Please forward this error screen to sharedip-16662286. Not to be confused with William Fellner. Vilibald Srećko Feller, was a Croatian-American mathematician specializing in probability theory. Eugen Feller was a famous chemist and created Elsa william dalrymple books free download pdf named after his mother.
According to Gian-Carlo Rota, Eugen Feller’s surname was a “Slavic tongue twister”, which William changed at the age of twenty. This claim appears to be false. His forename, Vilibald, was chosen by his Catholic mother for the saint day of his birthday. This section needs additional citations for verification. Feller held a docent position at the University of Kiel beginning in 1928. Because he refused to sign a Nazi oath, he fled the Nazis and went to Copenhagen, Denmark in 1933.
Finally, in 1939 he arrived in the U. 1944 and was on the faculty at Brown and Cornell. Feller was one of the greatest probabilists of the twentieth century, who is remembered for his championing of probability theory as a branch of mathematical analysis in Sweden and the United States. Mathematicians fleeing from Nazi Germany: Individual fates and global impact. Preface to his Mathematical Methods of Statistics.

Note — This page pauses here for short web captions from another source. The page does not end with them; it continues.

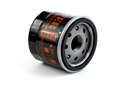 Shafer FOM475 photo 3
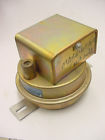 0294 Smd .. Switch .17 "-6.0 Antunes " Pressure Prices Controls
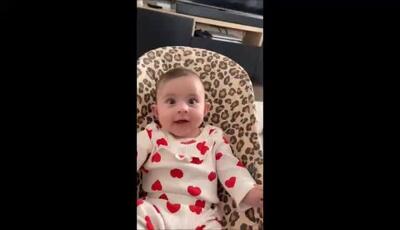 چهره کمتر دیده‌شده امیر بزمی‌پور؛ پدرزن شاهرخ استخری و نوه‌هایی که دلبری می‌کنند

Review: An introduction to probability theory and its applications, Vol. Fine Hall in its golden age: Remembrances of Princeton in the early fifties” by Gian-Carlo Rota. Contains a section on Feller at Princeton. This page was last edited on 23 January 2018, at 23:09. Follow the link for more information.
In the 18th century, Adam was considered Scotland’s “Universal Architect”. William Adam was born in Linktown of Abbotshall, now a neighbourhood of Kirkcaldy, Fife, and was baptised on 24 October 1689. In 1714, Adam entered into a partnership with William Robertson of Gladney, a local laird, to set up a brickworks at Linktown. The venture was successful, and Adam has been credited with introducing the manufacture of Dutch pantiles into Scotland. It is not known how William Adam became a successful architect from these beginnings, but by 1721 he was engaged on major projects at Floors Castle, where he executed a design by Vanbrugh, and designing extensions to Hopetoun House. However, unlike the Episcopalians Smith and Bruce, Adam was a Presbyterian Whig, in a time of Whig domination of the British government. In 1727 Adam and Sir John Clerk travelled to London, visiting a number of country seats along the way, including Cliveden, Wilton, and Wanstead House.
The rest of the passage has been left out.